_Work to be completed_. Could you set down the listing below exactly and omit its images?

_Given records_.

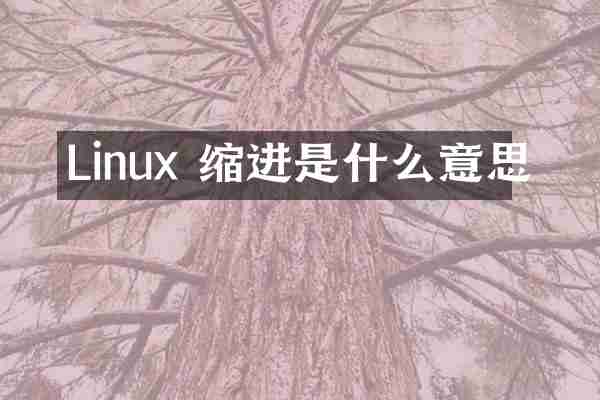 Linux 缩进是什么意思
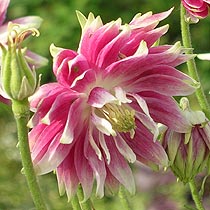 Aquilegia 'Nora Barlow'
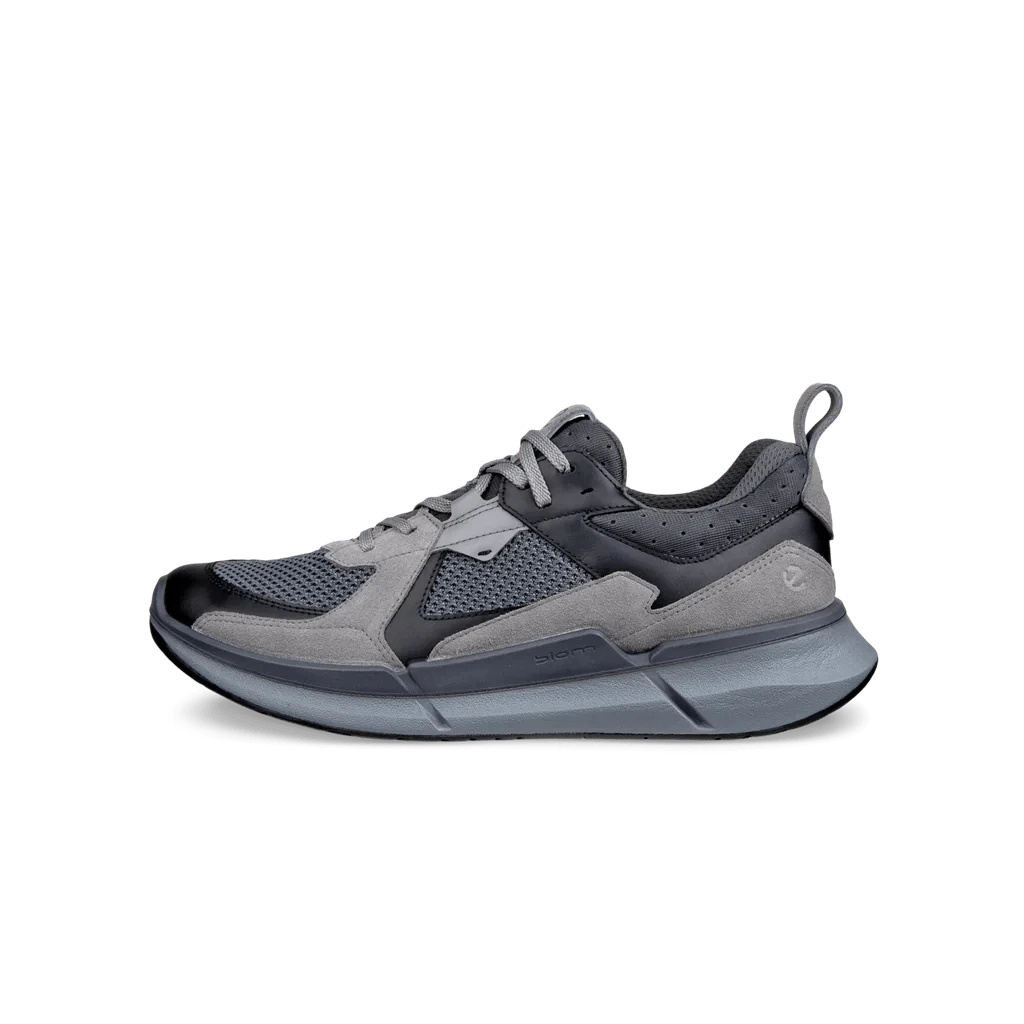 Ecco Biom 2.2 Leather Men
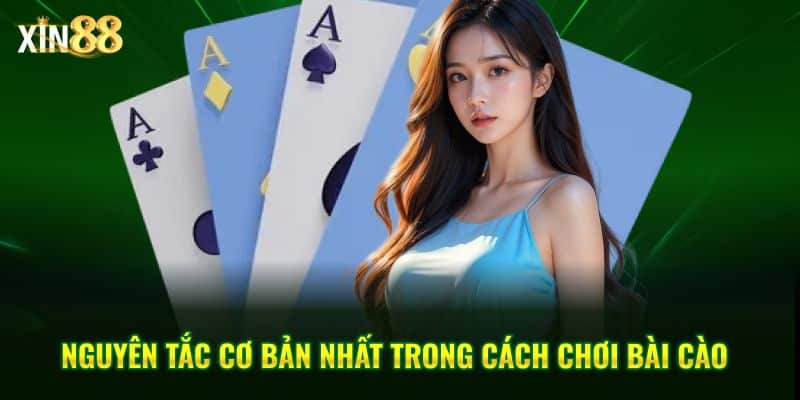 Cách chơi bài cào hiệu quả tại Xin88 giúp bạn dễ thắng 3 cách chơi bài cào 3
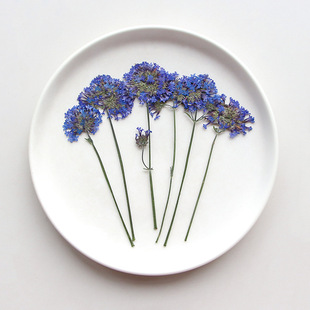 Willow Verbena Dried Flower Embossed Plant Specimen Bookmark Photo Frame diy Drop Glue Baffle Table Lamp Flower Material Wholesale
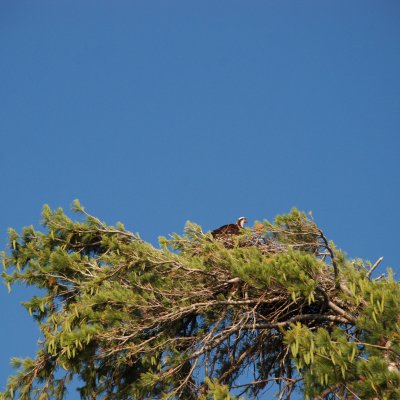 The Osprey Nest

_Answer section_.
 Linux 缩进是什么意思
 Aquilegia 'Nora Barlow'
 Ecco Biom 2.2 Leather Men
 Cách chơi bài cào hiệu quả tại Xin88 giúp bạn dễ thắng 3 cách chơi bài cào 3
 Willow Verbena Dried Flower Embossed Plant Specimen Bookmark Photo Frame diy Drop Glue Baffle Table Lamp Flower Material Wholesale
 The Osprey Nest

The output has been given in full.